The Government has announced details of how individuals who paid employment tribunal fees can apply for a refund, following the Supreme Court decision that fees were unlawful.
Podcast: The abolition of employment tribunal fees
XpertHR employment law editor Laura Merrylees is joined by Laurie Anstis, a director with Boyes Turner LLP.
In July 2017, the Supreme Court held that paying a fee to bring an employment tribunal claim is unlawful.
The Court accepted Unison’s arguments that fees indirectly discriminated against some groups, with female claimants disproportionately affected, and blocked access to justice and enforcement of employment rights.
The Supreme Court quashed the legislation that introduced tribunal fees and the Government immediately stopped charging employment tribunal claimants for bringing cases.

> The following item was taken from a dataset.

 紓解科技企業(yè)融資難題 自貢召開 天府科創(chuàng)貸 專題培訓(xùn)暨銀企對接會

However, there has been a question mark over how the Government would go about refunding fees to claimants who paid them from their introduction on 29 July 2013 until their abolition on 26 July 2017.

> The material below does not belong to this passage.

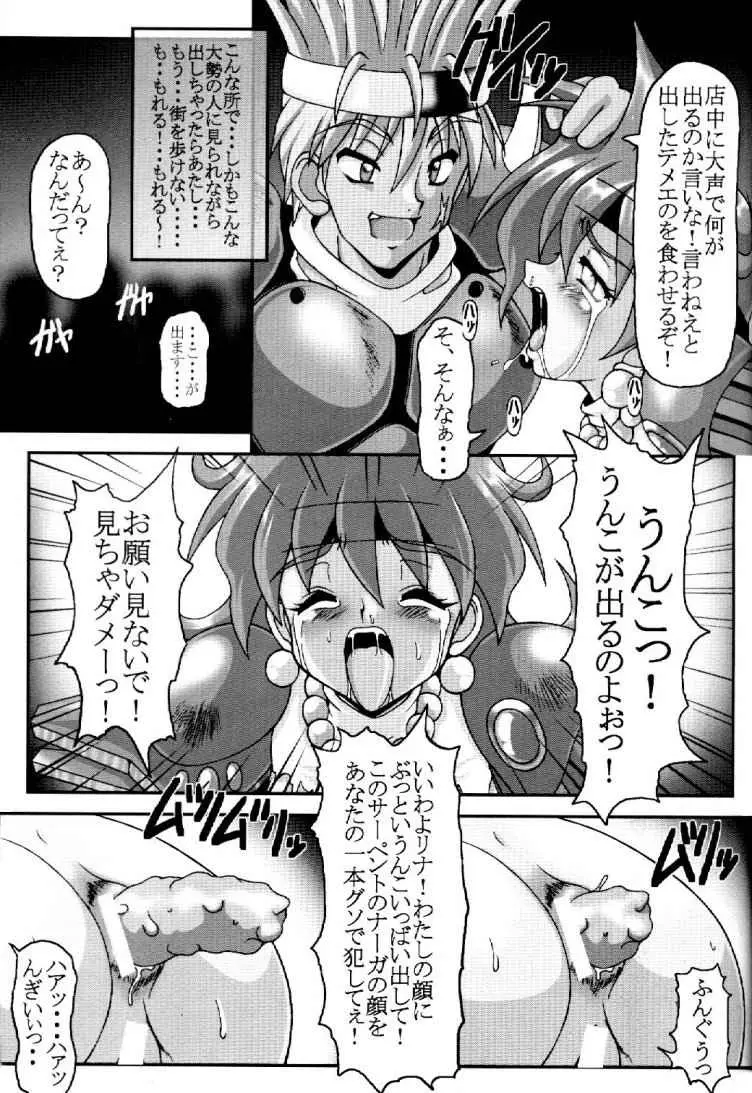 エロシヤーズ - page12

“The real tragedy of the fees fiasco is the thousands of wronged employees who couldn’t afford to shell out to get justice and so lost out. Nothing can be done to help them, or to bring the many unscrupulous employers, who broke the law and got away with it, to court.” – Adam Creme, Unison head of legal services
Announcing the opening of the repayment scheme, the Government said that an initial group of around 1,000 individuals will be contacted from 20 October 2017 and given the chance to apply for repayment.
The full scheme will be is opened up in the next few weeks.
The Government also said that it would be “working with trade unions who have supported large multiple claims potentially involving hundreds of claimants”.
As well as being refunded their original fee, successful applicants will be paid 0.5% in interest, calculated from the date of the original payment up until the refund date.
The opening phase of the tribunal fees refund scheme will last for around four weeks.
Individuals who have paid tribunal fees, but have not been invited to take part in the initial stage of the scheme, can register an interest in applying for repayment when the full scheme is rolled out.